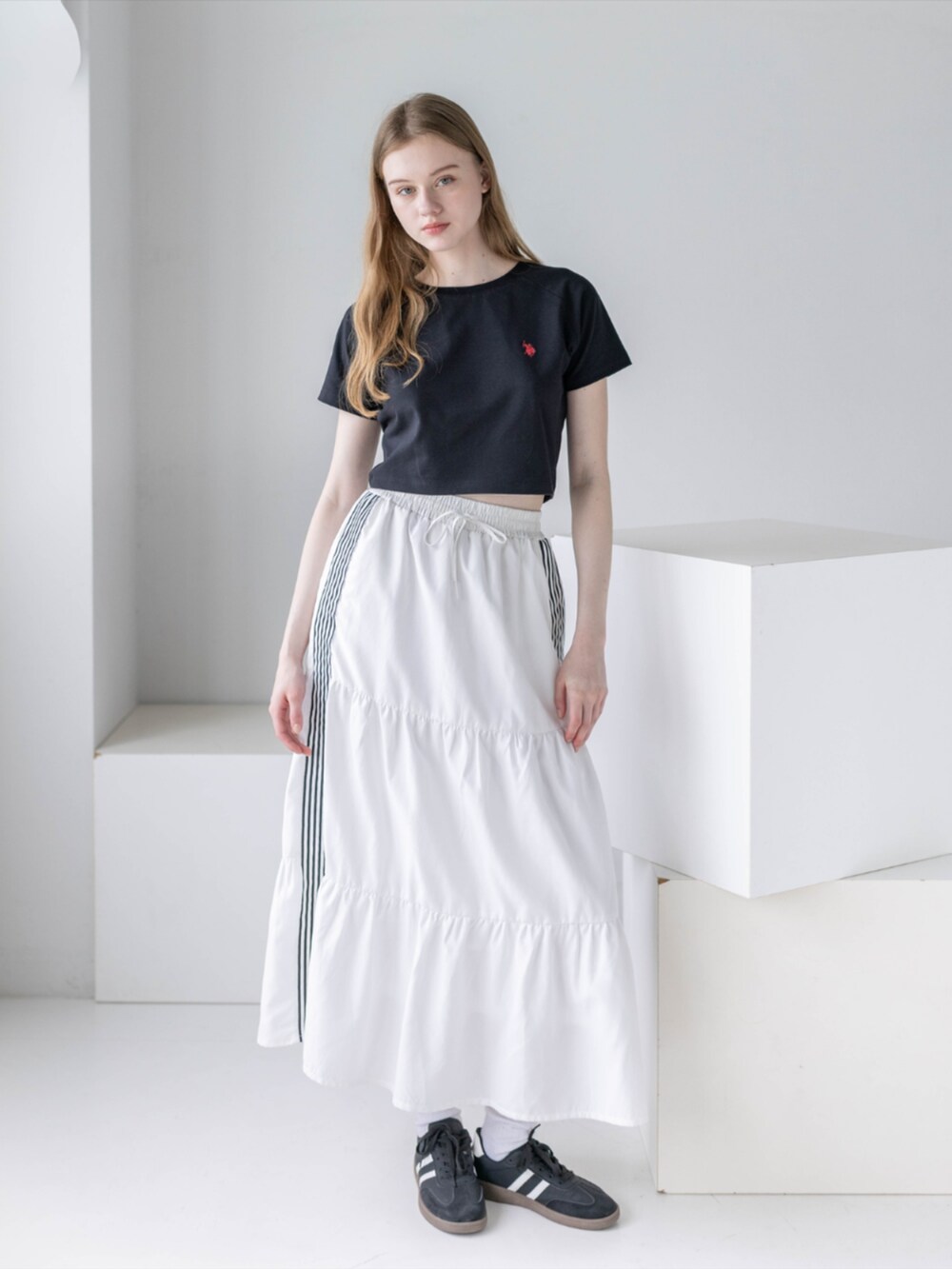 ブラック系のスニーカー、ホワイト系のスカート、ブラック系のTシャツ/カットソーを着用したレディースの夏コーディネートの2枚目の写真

# # # # #

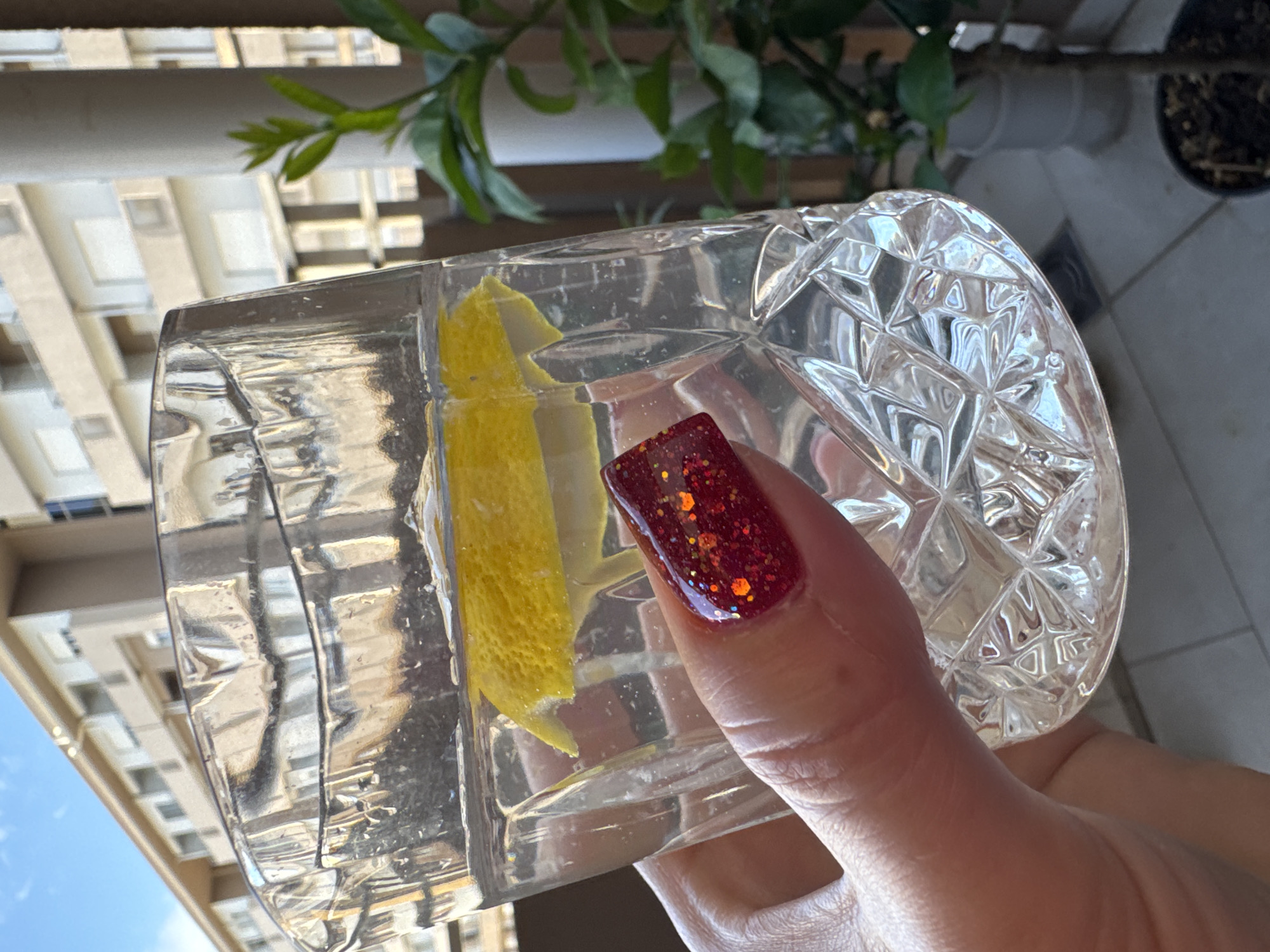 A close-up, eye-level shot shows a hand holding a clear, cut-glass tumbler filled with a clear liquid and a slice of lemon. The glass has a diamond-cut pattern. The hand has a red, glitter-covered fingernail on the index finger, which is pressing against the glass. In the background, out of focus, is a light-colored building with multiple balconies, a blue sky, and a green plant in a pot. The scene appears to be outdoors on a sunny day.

# # # # #

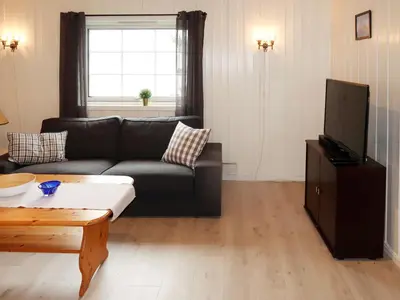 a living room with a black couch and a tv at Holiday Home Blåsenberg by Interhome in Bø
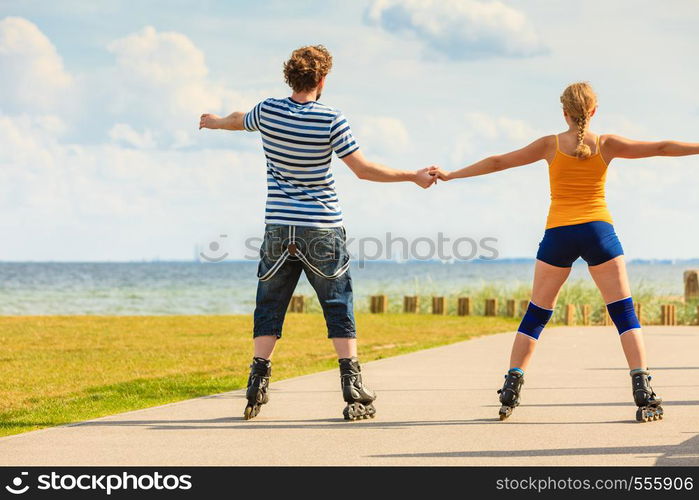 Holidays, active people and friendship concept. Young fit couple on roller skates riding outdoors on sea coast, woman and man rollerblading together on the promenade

# # # # #

**Work required**
Transcribe, word for word, the stretch of lines in the data above from the one with "a living room" through the one with "Holidays, active people"; omit all pictures.

**Result of this task**
 a living room with a black couch and a tv at Holiday Home Blåsenberg by Interhome in Bø
 Holidays, active people and friendship concept. Young fit couple on roller skates riding outdoors on sea coast, woman and man rollerblading together on the promenade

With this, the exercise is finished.